Looking for a reliable minivan? Move on
At 16,000 miles, white smoke appeared on startup. After taking it to the Toyota dealer, the oil had formed a "sludge", and the engine needed to be re-built.
Radio went out for no reason. Replaced under warranty.
Niggling complaints - rattles, squeaks, and unpleasant noises coming from all over the inside.
After my mediocre experience with a 1995 Dodge Caravan, I figured I would go for a vehicle from across the pond, because Toyotas supposedly have good reliability, and hold their resale value well.
As it turns out, the only thing I got by switching to an import van was a snotty dealer and perhaps one of the worst vehicles ever made. I'm not saying Domestics are superior, but this is a shining example that when it comes to cars, you can't stereotype.
OK, so onto the van. The dealer was your classic "let's haggle" slimebag. I knew that going in... Toyota dealers seem to have this cocky attitude, and my experience seemed to prove this theory correct. He would sell it to me for $2,000 over sticker, because they were in "high demand," and they only had "two left, and didn't know when they were getting more." After an hour of negotiation, I got the exact van I wanted, and got it for the actual sticker price.
The van itself was not too shabby. Seemed well built, minus the squeeks and rattles that appear on bumpy roads. The kids liked it well enough, except in the middle rear seat, where a nasty hinge kept prodding them in the rear. But as a 6 passenger hauler, the van worked quite well. It reminds me of a Camry in its driving manners. Fluid, but not fun. But hey, minivans and fun don't mix.

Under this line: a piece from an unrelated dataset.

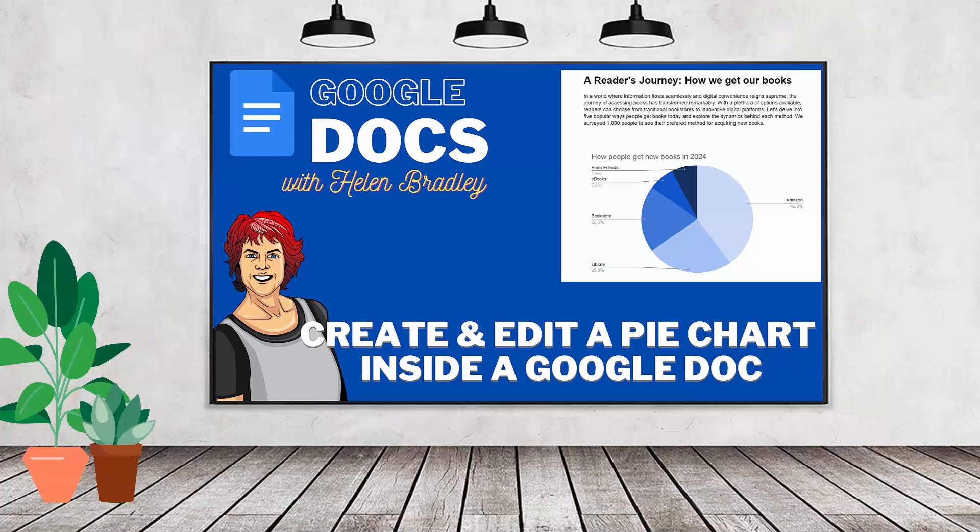Hello and welcome to this video tutorial. Today we're looking at inserting a pie chart into a document in Google Docs and how you format it, how you get your data into it.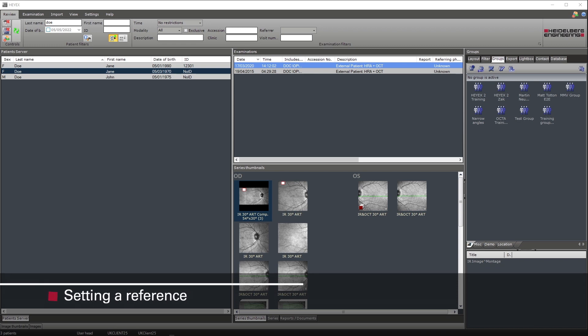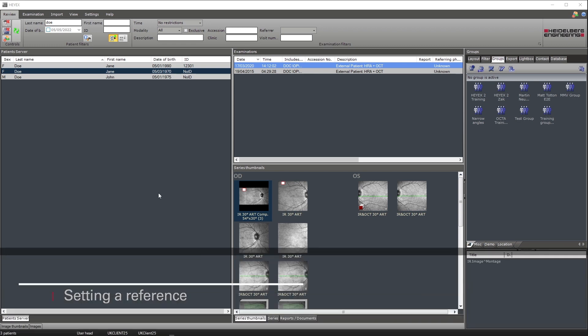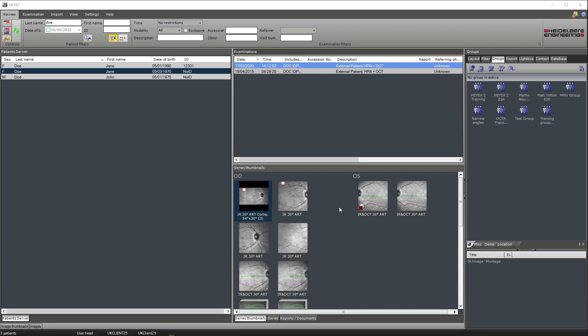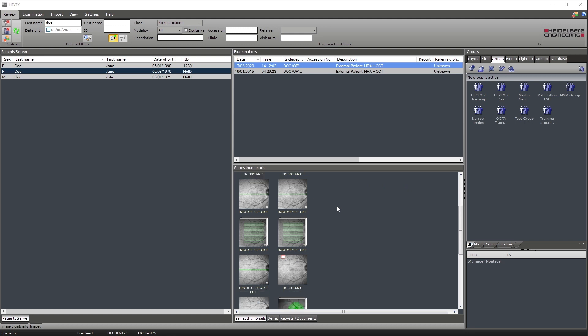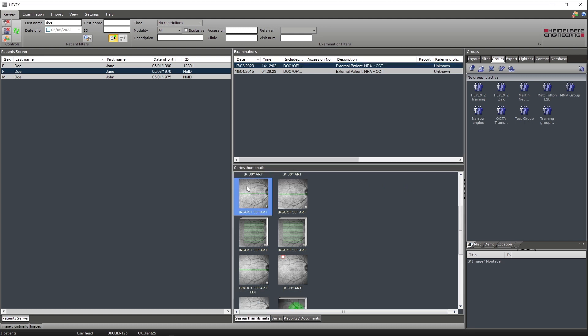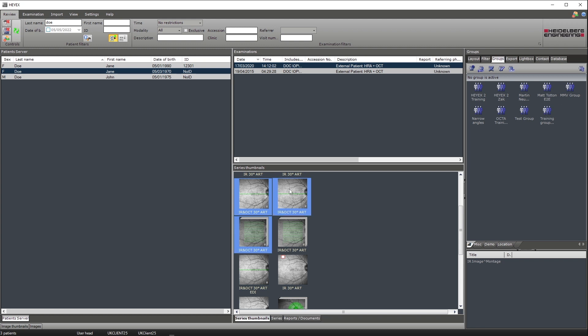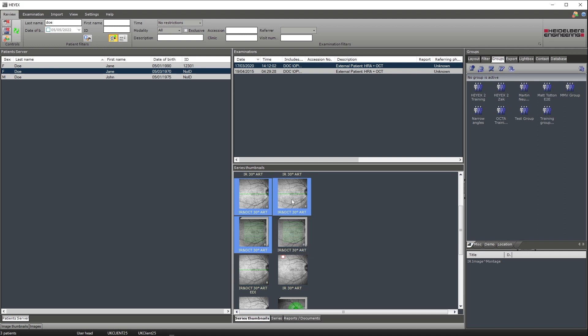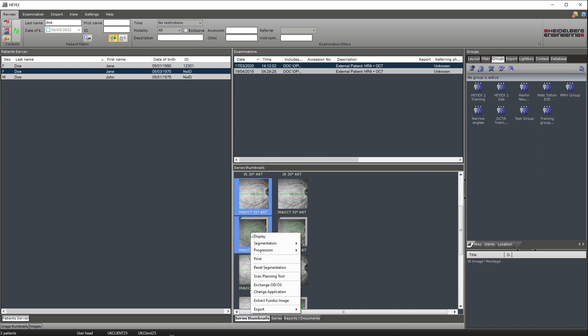To set references within HiX2, select the thumbnail you wish to set a reference, or select multiple by holding down control and clicking on both thumbnails. Once you have highlighted both thumbnails required to set reference, right click, select progression, and then set reference.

The first year of ownership was rather problem free, with the exception of a Radio that decided to stop working for no reason. But a little after 13 months of ownership, we noticed a huge white cloud of smoke upon startup. Yikes! So we took it to the Toyota Dealer, and he diagnosed the problem: the oil was forming a thick sludge in the engine, and had practically destroyed it.
And then Mr. Slimebag continued to inform me that this was caused by improper maintinence of the vehicle. As ready as I was to bite his head off, I marched out of there, and pulled up the receipts from each oil change (every 3,000 miles on the SPOT), each done by Jiffy Lube.
But once again Mr. Slimebag informed me that because I didn't pay the Toyota dealer's inflated prices for an Oil change (which were usually twice for me what they were at Jiffy Lube...) they would not fix the engine, and informed me that it was caused by the apparent inferior quality of Pennzoil.
After this I was furious. That night I researched this problem on the internet, and surprise surprise... it's a very common problem in Toyotas. After printing out documented reports on this, as well as a recently posted issue on Toyota's website addressing this, I marched into the dealer and told him he could either fix my engine, refund my money, or show up for court. I don't take this kind of crap, especially when my safety, and my kid's safety is at risk. Reluctantly, the dealer offered to rebuild the engine.
This has been nothing short of a horrible ownership experience. 2 weeks after the van was fixed we sold the van, and purchased a Ford Explorer.
Had the Sienna been a reliable minivan, I could care less if the dealer was dishonest. But if I'm stuck with a horrible piece of scrap metal, I am not the person to mess with. I certainly hope this is an isolated case, but I certainly have been burned off of Toyota for quite a long time ahead.